(Records from a dataset)

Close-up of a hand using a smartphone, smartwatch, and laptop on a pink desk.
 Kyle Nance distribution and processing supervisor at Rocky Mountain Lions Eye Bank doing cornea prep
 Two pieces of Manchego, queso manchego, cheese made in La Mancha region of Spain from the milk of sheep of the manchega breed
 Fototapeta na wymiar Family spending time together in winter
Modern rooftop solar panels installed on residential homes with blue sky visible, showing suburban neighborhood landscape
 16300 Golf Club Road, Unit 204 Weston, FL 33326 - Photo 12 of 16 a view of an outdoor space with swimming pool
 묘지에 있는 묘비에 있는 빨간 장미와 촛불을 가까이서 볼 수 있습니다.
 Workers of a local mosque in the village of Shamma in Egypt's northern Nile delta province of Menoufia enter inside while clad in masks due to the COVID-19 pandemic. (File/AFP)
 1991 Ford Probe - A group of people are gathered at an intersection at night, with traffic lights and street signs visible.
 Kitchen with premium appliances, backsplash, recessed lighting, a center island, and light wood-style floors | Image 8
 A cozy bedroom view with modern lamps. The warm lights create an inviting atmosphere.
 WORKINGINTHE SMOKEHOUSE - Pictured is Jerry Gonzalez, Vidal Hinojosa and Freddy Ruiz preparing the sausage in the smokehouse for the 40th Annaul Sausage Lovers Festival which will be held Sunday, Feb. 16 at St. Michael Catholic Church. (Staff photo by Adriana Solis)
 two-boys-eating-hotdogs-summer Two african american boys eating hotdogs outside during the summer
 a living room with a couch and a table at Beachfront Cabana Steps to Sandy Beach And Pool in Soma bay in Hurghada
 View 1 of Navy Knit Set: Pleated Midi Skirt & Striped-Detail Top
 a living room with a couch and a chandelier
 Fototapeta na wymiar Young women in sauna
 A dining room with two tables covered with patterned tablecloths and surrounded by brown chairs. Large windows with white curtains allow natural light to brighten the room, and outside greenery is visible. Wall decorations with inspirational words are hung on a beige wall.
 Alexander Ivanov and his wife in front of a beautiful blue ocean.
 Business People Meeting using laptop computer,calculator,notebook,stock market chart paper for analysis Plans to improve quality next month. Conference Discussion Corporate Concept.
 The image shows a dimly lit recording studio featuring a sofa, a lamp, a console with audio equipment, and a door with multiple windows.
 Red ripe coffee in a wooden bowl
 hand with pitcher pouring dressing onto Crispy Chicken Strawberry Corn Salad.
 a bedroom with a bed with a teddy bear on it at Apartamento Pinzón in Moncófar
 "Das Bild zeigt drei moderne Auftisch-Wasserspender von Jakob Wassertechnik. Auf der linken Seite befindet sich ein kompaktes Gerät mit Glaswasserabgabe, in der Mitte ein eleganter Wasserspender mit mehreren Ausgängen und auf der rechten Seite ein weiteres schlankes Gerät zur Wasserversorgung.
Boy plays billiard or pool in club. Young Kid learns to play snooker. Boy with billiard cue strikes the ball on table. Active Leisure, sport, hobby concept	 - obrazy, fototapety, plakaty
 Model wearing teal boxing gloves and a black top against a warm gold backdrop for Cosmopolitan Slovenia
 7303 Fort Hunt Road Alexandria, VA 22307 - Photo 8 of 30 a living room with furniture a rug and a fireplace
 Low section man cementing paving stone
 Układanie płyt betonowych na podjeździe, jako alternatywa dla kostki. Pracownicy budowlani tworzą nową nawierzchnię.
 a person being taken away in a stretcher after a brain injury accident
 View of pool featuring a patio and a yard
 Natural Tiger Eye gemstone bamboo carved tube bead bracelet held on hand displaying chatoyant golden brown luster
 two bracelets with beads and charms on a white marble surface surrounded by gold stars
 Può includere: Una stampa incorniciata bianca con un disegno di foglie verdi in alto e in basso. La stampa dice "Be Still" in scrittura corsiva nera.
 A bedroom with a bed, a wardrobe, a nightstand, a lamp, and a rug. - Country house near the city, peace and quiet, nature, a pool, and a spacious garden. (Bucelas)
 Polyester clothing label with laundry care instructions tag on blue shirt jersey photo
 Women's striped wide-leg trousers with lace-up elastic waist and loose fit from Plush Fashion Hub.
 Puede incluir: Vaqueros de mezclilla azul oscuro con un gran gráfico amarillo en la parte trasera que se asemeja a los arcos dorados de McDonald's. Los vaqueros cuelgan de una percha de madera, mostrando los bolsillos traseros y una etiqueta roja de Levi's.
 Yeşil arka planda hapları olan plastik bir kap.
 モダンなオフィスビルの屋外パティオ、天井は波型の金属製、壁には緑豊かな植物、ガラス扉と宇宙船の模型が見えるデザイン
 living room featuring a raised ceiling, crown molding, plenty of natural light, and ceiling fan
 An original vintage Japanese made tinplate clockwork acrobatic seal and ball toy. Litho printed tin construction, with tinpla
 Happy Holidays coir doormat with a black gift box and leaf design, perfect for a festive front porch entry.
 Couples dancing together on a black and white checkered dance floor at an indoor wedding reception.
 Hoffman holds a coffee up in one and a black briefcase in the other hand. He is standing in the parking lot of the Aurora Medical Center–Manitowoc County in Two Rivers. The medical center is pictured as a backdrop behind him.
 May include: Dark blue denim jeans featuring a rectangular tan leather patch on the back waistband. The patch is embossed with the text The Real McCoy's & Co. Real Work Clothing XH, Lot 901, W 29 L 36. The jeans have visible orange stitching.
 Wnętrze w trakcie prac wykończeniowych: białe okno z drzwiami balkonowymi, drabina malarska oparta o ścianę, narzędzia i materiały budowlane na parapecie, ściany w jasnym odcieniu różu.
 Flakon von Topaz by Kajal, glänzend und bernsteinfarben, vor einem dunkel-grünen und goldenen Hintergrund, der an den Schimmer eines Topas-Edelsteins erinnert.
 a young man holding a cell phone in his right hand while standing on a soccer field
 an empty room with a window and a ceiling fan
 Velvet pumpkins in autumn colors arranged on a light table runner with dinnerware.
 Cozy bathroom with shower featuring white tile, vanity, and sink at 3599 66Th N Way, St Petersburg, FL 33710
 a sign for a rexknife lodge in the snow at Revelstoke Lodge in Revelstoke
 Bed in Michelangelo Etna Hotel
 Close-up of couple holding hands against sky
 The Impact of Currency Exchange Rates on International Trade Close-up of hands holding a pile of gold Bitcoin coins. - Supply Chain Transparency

### PROMPT:
In your answer, include only the lines above starting at the line that holds "View 1 of Navy" and ending at the line that holds "Fototapeta na wymiar Young women in sauna", copied exactly.

### RESULT OF THE EXERCISE:
 View 1 of Navy Knit Set: Pleated Midi Skirt & Striped-Detail Top
 a living room with a couch and a chandelier
 Fototapeta na wymiar Young women in sauna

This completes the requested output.